[Scons-users] SCons 3.0.0.alpha.20170614 available on testpypi
Tim Jenness
tjenness at lsst.org
Mon Jul 31 19:00:20 EDT 2017
It might help if I attach the relevant file.
After some more investigation I can report that this file uses latin-1 (or equivalent) rather than utf-8.
>>> u'\xdf'
'ß'
>>> u'\xdf'.encode('utf-8')
b'\xc3\x9f'
>>> u'\xdf'.encode('latin-1')
b'\xdf'
The chardet package does manage to detect the content with something that works:
>>> chardet.detect(xx)
{'encoding': 'windows-1252', 'confidence': 0.7017158671586715}
The real question is whether SCons is going to encounter decoding errors in parts of the file that are relevant to the scanner. Ignoring decoding errors is at least more correct than returning bytes (the latter option breaking the API contract, resulting in breakage downstream). It looks like chardet is GPL so that’s not going to help SCons.

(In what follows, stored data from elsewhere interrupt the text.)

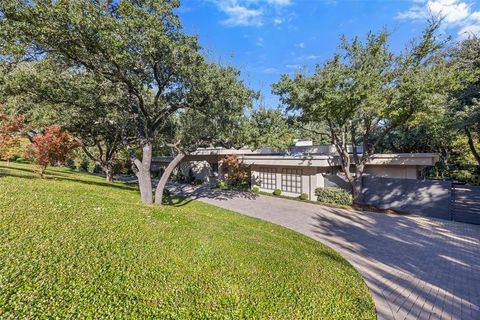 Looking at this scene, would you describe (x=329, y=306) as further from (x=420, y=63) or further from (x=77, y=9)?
(x=420, y=63)

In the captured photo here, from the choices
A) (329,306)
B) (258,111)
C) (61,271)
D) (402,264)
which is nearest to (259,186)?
(258,111)

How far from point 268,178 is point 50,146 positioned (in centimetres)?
1330

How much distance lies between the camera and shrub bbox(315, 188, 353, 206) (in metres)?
12.9

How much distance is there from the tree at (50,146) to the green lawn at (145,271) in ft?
19.3

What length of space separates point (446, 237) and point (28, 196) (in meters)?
13.5

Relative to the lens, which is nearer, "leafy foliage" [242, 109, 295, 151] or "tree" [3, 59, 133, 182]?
"tree" [3, 59, 133, 182]

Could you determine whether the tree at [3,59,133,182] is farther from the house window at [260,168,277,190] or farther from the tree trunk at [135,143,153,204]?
the house window at [260,168,277,190]

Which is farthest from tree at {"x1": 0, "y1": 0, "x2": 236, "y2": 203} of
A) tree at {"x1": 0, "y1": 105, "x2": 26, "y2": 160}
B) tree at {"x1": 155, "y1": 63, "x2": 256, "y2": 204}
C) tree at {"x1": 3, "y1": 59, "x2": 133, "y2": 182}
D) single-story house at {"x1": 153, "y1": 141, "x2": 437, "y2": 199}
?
single-story house at {"x1": 153, "y1": 141, "x2": 437, "y2": 199}

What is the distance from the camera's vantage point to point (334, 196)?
1315 centimetres

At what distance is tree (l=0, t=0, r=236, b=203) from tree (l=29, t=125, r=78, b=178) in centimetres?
408

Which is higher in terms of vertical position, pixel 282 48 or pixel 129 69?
pixel 282 48

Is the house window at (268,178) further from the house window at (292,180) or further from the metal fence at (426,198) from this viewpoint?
the metal fence at (426,198)

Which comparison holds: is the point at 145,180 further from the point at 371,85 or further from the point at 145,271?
the point at 371,85

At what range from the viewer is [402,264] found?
5938 millimetres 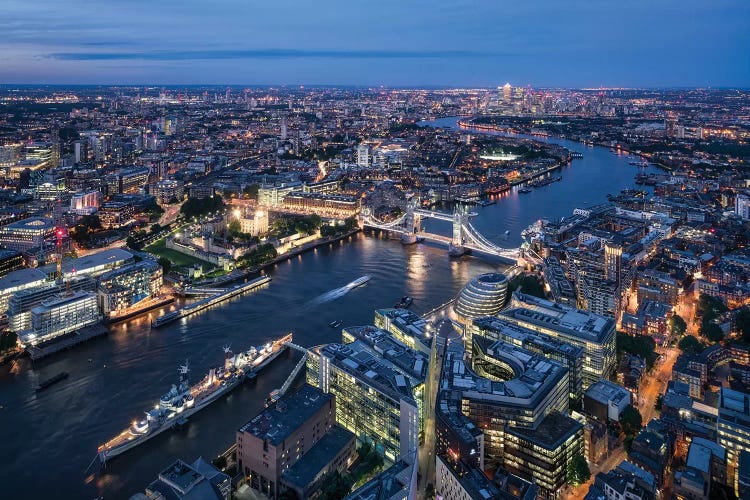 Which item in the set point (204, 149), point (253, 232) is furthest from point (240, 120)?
point (253, 232)

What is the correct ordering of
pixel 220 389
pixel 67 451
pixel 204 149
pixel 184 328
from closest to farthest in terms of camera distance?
pixel 67 451, pixel 220 389, pixel 184 328, pixel 204 149

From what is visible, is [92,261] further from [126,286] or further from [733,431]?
[733,431]

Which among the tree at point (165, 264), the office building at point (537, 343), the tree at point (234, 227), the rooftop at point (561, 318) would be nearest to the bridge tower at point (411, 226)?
the tree at point (234, 227)

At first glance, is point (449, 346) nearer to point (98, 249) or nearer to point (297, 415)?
point (297, 415)

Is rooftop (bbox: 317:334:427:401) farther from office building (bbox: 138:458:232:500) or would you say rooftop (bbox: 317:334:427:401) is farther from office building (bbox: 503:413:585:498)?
office building (bbox: 138:458:232:500)

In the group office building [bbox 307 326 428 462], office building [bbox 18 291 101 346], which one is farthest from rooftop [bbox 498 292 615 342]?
office building [bbox 18 291 101 346]

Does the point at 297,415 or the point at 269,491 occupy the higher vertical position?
the point at 297,415

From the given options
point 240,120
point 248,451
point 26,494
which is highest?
point 240,120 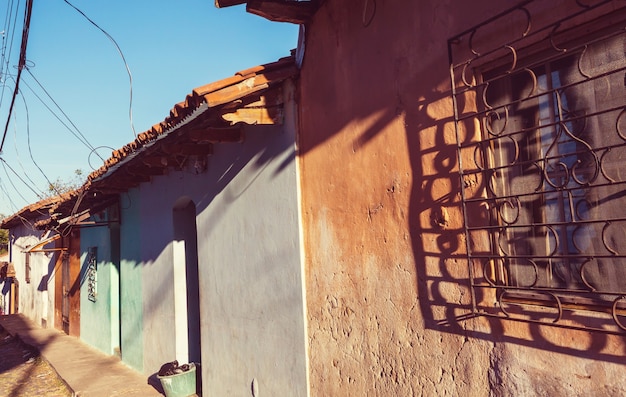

> On Jul 31, 2017, at 15:17 , Tim Jenness <tjenness at lsst.org> wrote:
>
> I just found Bill’s reply to me on the mail archive but I don’t remember receiving them. Sorry about that.
>
> I’m not sure how to write a test case as such. An example file from boost::python that fails is http://www.boost.org/doc/libs/1_64_0/boost/python/detail/dealloc.hpp <http://www.boost.org/doc/libs/1_64_0/boost/python/detail/dealloc.hpp> (although I imagine you can’t copy and paste from that link and would need to get the file from the source distribution). This file has a bad character in the author’s name that can’t be decoded and triggers errors when bytes turn up from get_text_contents(). The test should have a file with that problem and see if the scanner can read it.
>
> —
> Tim Jenness
>
>
>> On Jul 31, 2017, at 14:57 , Tim Jenness <tjenness at lsst.org <mailto:tjenness at lsst.org>> wrote:
>>
>>
>>> On Jul 21, 2017, at 15:19 , Tim Jenness <tjenness at lsst.org <mailto:tjenness at lsst.org>> wrote:
>>>
>>> Now that I’ve thought about it a bit more I think the underlying problem is in engine/SCons/Node/FS.py around line 2630:
>>>
>>> 2608 def get_text_contents(self):
>>> 2609 """
>>> 2610 This attempts to figure out what the encoding of the text is
>>> 2611 based upon the BOM bytes, and then decodes the contents so that
>>> 2612 it's a valid python string.
>>> 2613 """
>>> 2614 contents = self.get_contents()
>>> 2615 # The behavior of various decode() methods and functions
>>> 2616 # w.r.t. the initial BOM bytes is different for different
>>> 2617 # encodings and/or Python versions. ('utf-8' does not strip
>>> 2618 # them, but has a 'utf-8-sig' which does; 'utf-16' seems to
>>> 2619 # strip them; etc.) Just sidestep all the complication by
>>> 2620 # explicitly stripping the BOM before we decode().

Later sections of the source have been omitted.